=== Begin Enclosure ===

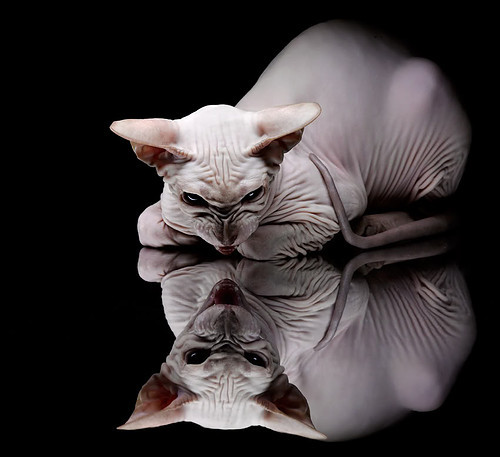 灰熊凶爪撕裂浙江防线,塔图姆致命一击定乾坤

=== End Enclosure ===
=== Begin Enclosure ===

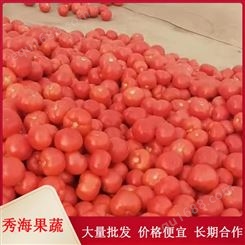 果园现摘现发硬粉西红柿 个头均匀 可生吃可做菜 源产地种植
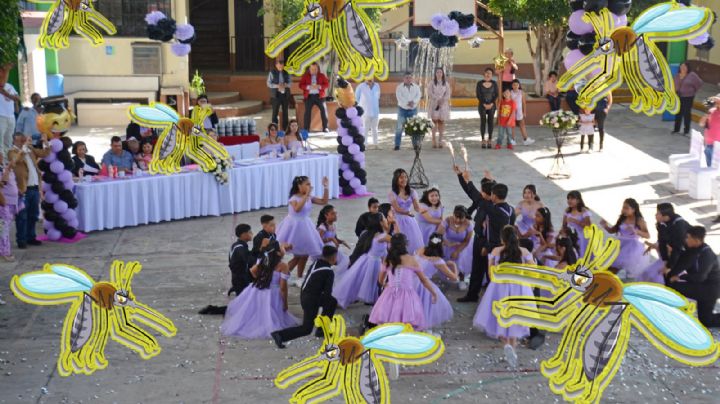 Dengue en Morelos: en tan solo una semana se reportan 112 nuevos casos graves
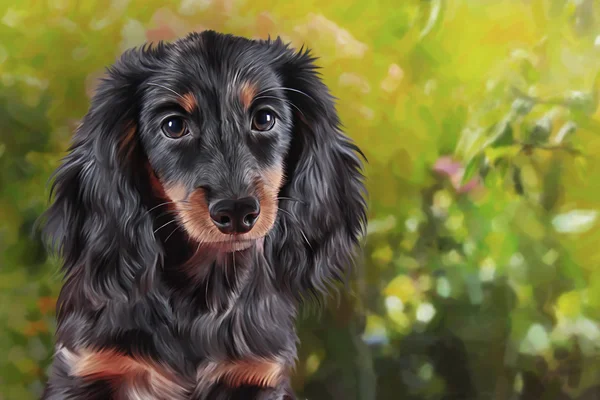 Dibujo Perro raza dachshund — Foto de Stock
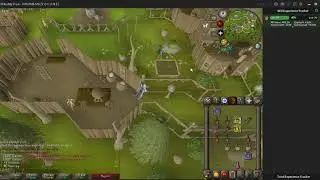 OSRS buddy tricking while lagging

=== End Enclosure ===
=== Begin Enclosure ===

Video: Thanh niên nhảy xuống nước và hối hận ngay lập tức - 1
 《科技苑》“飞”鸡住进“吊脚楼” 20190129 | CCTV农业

=== End Enclosure ===

> **WORK INSTRUCTION**
Copy word for word only the lines above from the one with "Dengue en Morelos: en" through the one with "OSRS buddy tricking while lagging". Leave pictures out.

> **OUTPUT OF THE TASK**
 Dengue en Morelos: en tan solo una semana se reportan 112 nuevos casos graves
 Dibujo Perro raza dachshund — Foto de Stock
 OSRS buddy tricking while lagging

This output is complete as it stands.